Presiden Joko Widodo telah melantik Letnan Jenderal (Letjen) Purnawirawan Sutiyoso sebagai Kepala Badan Intelijen Negara, menggantikan Letnan Jenderal (Letjen) Purnawirawan Marciano Norman.
Kepada VOA, mantan gubernur DKI Jakarta itu menuturkan tantangan dan ancaman yang siap menghadang keutuhan Negara Kesatuan Republik Indonesia, dan kasus kekerasan 27 Juli 1996 saat ia menjabat Pangdam Jaya.
Sutiyoso juga menanggapi dugaan keterlibatan oknum BIN dalam kasus pembunuhan aktivis hak asasi manusia Munir Said Thalib.
Berikut cuplikan wawancara eksklusif VOA Jakarta bersama dengan Kepala BIN Sutiyoso.
VOA: Apa kabar bang Yos ?
Sutiyoso : Baik, alhamdulillah.
Apa yang Bang Yos rasakan saat mendengar Presiden Joko Widodo menunjuk anda sebagai Kepala BIN?
Sebelum saya menjadi Gubernur DKI saat masih di angkatan darat, itu seringkali saya mendapat penugasan.
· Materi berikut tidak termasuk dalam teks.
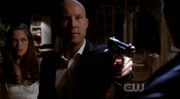 Lex pulls a gun on Kal.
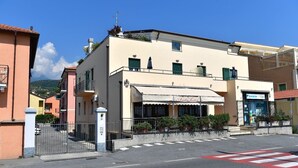 A two-story building with a cafe named "Antichità" on the ground floor.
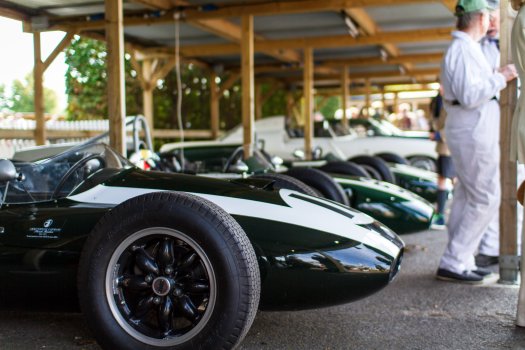 A view of a line of vintage cigar shaped formula one cars in a row under an anwning.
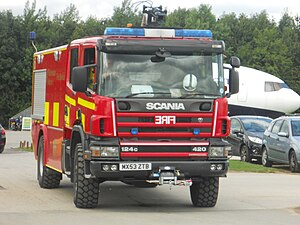 Red fire appliance with half-Battenburg side markings at Manchester Airport, England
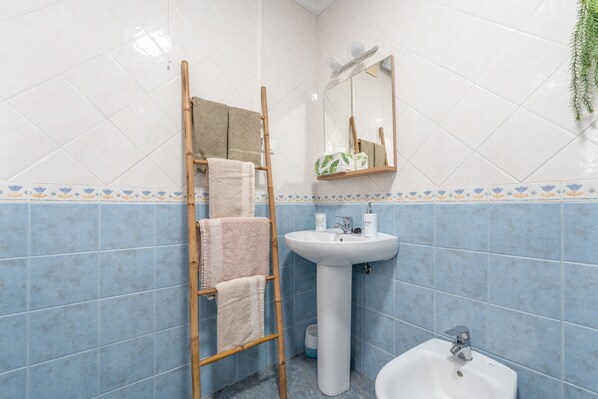 Une salle de bain avec un lavabo blanc, un miroir et une échelle en bois.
Baik itu di basis ataupun tiba-tiba saya disuruh berangkat operasi. Penugasan itu bagi saya apapun itu saya selalu siap, kapan pun itu.
Ada beberapa pihak yang melihat bahwa BIN kurang cepat dalam memberikan informasi kepada TNI atau Polri untuk menyikapi ancaman terhadap negara.
Jadi tugas BNI itu sangat luas. Semua aspek kehidupan. Ideologikah? Jangan sampai Pancasila dibelokkan menjadi asas lain atau ideologi lain. Oleh karena itu, BIN diberikan kewenangan yang luas untuk bisa masuk mencari keterangan di mana saja.
Sebagian pengguna dunia maya itu justru adalah anak-anak muda. Nah inilah, paham-paham radikalisme, separatisme, terorisme, bisa infiltrasi melalui dunia maya ini. Oleh karena itu kita harus punya alat yang super modern yang bisa menjawab tantangan dan ancaman seperti ini. Baik terhadap infiltrasi dunia maya maupun protect terhadap komunikasi terhadap pejabat tinggi negara khususnya Presiden. BIN itu mengkoordinir semua intelijen. Kepolisian, Kejaksaan, TNI. Nggak boleh jalan sendiri-sendiri.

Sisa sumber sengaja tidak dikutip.